GeodesicNVS: Probability Density Geodesic Flow Matching for Novel View Synthesis¶

Conference: CVPR 2026 arXiv: 2603.01010 Code: N/A Area: 3D Vision Keywords: Novel View Synthesis, Flow Matching, Geodesic, Probability Density Manifold, Data-to-Data Mapping

TL;DR¶

This paper proposes a Probability Density Geodesic Flow Matching (PDG-FM) framework that replaces the noise-to-data diffusion process with a deterministic data-to-data flow matching scheme, and optimizes interpolation paths to traverse high-density regions of the data manifold via probability-density-based geodesics, achieving geometrically consistent novel view synthesis.

Background & Motivation¶

Novel view synthesis (NVS) aims to generate unseen viewpoints of a scene from limited observations. Although diffusion models achieve high generation quality, they rely on stochastic noise-to-data transitions, which obscure deterministic structure and lead to inconsistent cross-view predictions. Flow Matching offers a deterministic alternative, yet existing conditional Flow Matching (CFM) methods largely employ simple linear interpolation between source and target data, failing to faithfully capture the non-linear geometry of the data manifold in latent space and thus yielding suboptimal view transitions.

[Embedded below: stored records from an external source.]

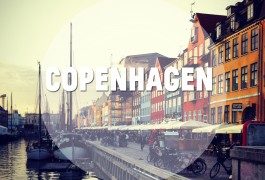 Découvrir Copenhague comme un local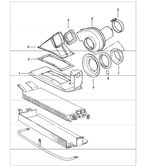 Body 911/912 (1965-1989)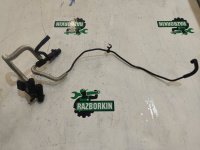 Volkswagen / Tiguan / Датчик абсолютного давления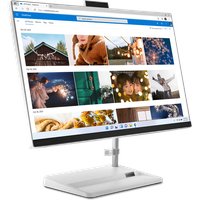Моноблок Lenovo IdeaCentre AIO 3 24IAP7 F0GH01DMRK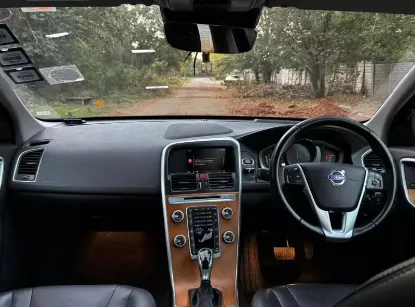 Picture of Volvo XC60 2016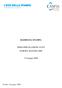 RASSEGNA STAMPA IMMATRICOLAZIONI AUTO EUROPA MAGGIO Giugno 2008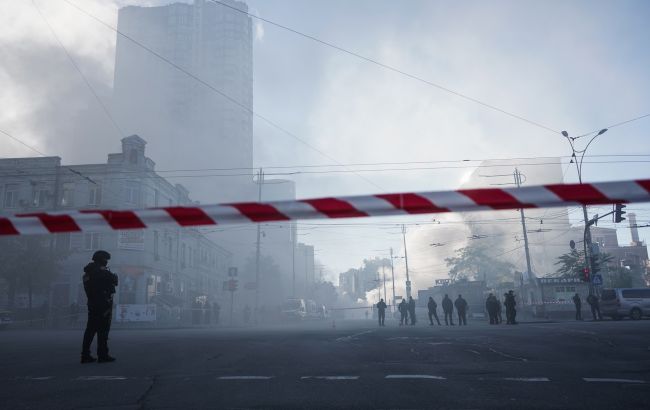 Атака дронів на Таганрог - росіяни повідомляють про серію вибухів та роботу ППО 1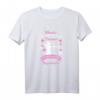 Pfeil Bogen Bogenschützen T-Shirt für Mädchen - Coole Geschenkidee für Hobby- und Profi-Bogenschützen im Verein oder Wald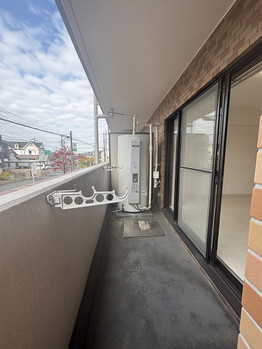 apartment 埼玉県越谷市蒲生愛宕町
地図を見る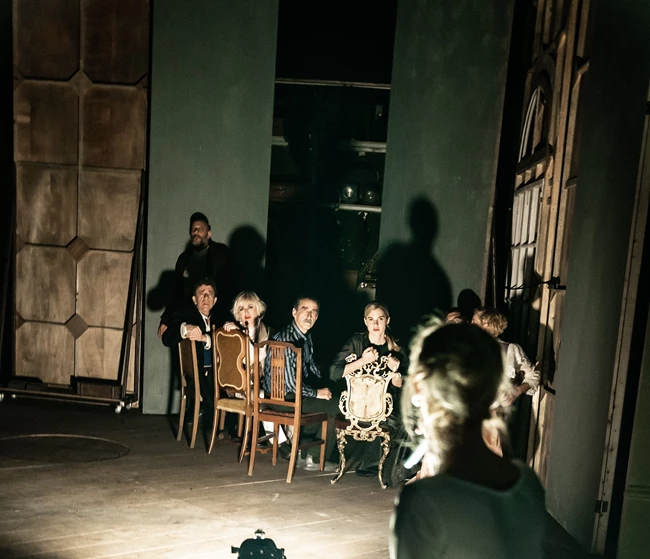 Γλάρος Καραντζάς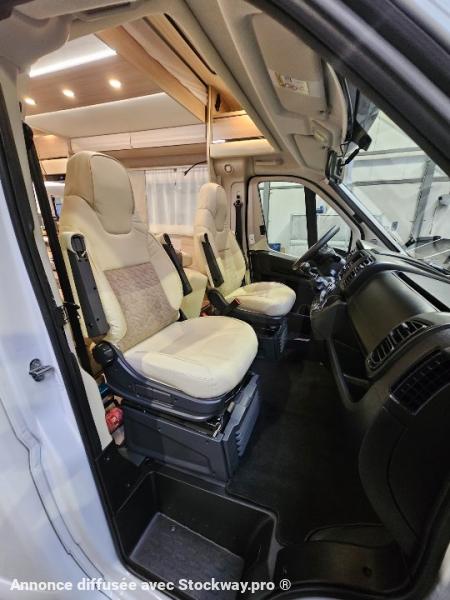 Photo FLEURETTE Mayflower 67 LO  image 10/23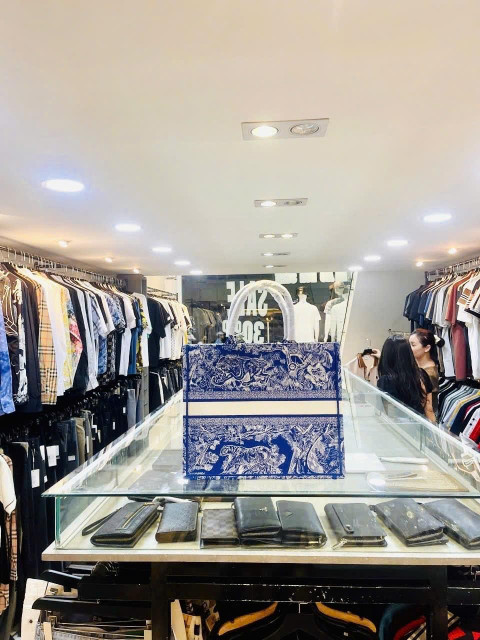 *VIP QUẬN 5-GẤP Gấp Nhà 2 MT Thương Hiệu Thời Trang Nguyễn Trãi 5Tầng(5x12) Nhỉnh 23Tỷ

Core problem: how to explicitly incorporate data-dependent geometric regularization into the generation process so that intermediate interpolations in flow matching adhere to the data manifold, thereby improving view consistency?

Method¶

Overall Architecture¶

PDG-FM consists of two major components: 1. Data-to-Data Flow Matching (D2D-FM): learns a deterministic flow between paired samples \((x_0, x_1)\) without requiring a noise prior. 2. Variational Distillation of Geodesics: trains a GeodesicNet to align interpolation paths with the probability density manifold.

Key Designs¶

Data-to-Data Flow Matching: Unlike conventional noise-to-data Flow Matching, D2D-FM establishes a deterministic flow directly between encoded pairs \((x_0, x_1)\) of different viewpoints of the same scene. The velocity network \(v_\theta(x_t, t, q, c)\) adopts a U-Net architecture with intermediate state \(x_t\) and time \(t\) as inputs; conditioning includes Plücker ray embeddings (target camera pose), CLIP-encoded source-view semantic features (injected via cross-attention), and VAE-encoded source-view spatial features (concatenated with \(x_t\) as input). Linear interpolation: \(x_t = (1-t)x_0 + tx_1 + \sigma_{\min}\epsilon\); target velocity: \(u_t = x_1 - x_0\).
Probability Density Geodesic (PDG): A local metric tensor \(G(x) = p(x)^{-2}I\) is defined inversely proportional to data density, with path length \(S[\gamma] = \int_0^1 \|\dot{\gamma}\|_{G(\gamma)} dt\). The geodesic satisfies the Euler–Lagrange equation: \(\ddot{\gamma} + \|\dot{\gamma}\|^2 (I - \hat{\dot{\gamma}}\hat{\dot{\gamma}}^\top)\nabla\log p(\gamma) = 0\). The data density gradient \(\nabla\log p\) is approximated via the score function of a pretrained diffusion model, estimated at DDIM timestep \(\tau=0.6\) using classifier-free guidance.
GeodesicNet Distillation: A teacher–student architecture is adopted — the teacher network \(\phi_\xi\) optimizes geodesic paths in diffusion latent space by minimizing the Euler–Lagrange residual, while the student network \(\phi_\eta\) distills these paths into VAE space via DDIM inversion. The geodesic interpolation is parameterized as \(x_t = (1-t)x_0 + tx_1 + \phi_\eta(x_0, x_1, t)\), where \(\phi_\eta\) satisfies the boundary constraints \(\phi_\eta(x_0,x_1,0) = \phi_\eta(x_0,x_1,1) = 0\). This two-stage design decouples geometric optimization from efficient path generation.

Loss & Training¶

Three-stage training: 1. D2D-FM Training: \(\mathcal{L}_{\text{CFM}}(\theta) = \mathbb{E}[\|v_\theta(x_t,t,q,c) - (x_1-x_0)\|^2]\); source views are augmented with a cosine schedule. 2. GeodesicNet Distillation: Teacher minimizes the functional derivative \(\ell^\tau(\xi) = \mathbb{E}_t[\text{StopGrad}(g_t) \cdot z_t]\); student minimizes MSE: \(\ell^0(\eta) = \mathbb{E}_t[\|x_t - \text{DDIM-B}(z_t,c,\tau)\|^2]\). 3. Geodesic FM Training: Fine-tuned from the pretrained velocity network; the target velocity incorporates the time derivative of \(\phi_\eta\): \(v_{\text{target}} = x_1 - x_0 + \nabla_t\phi_\eta(x_0,x_1,t)\).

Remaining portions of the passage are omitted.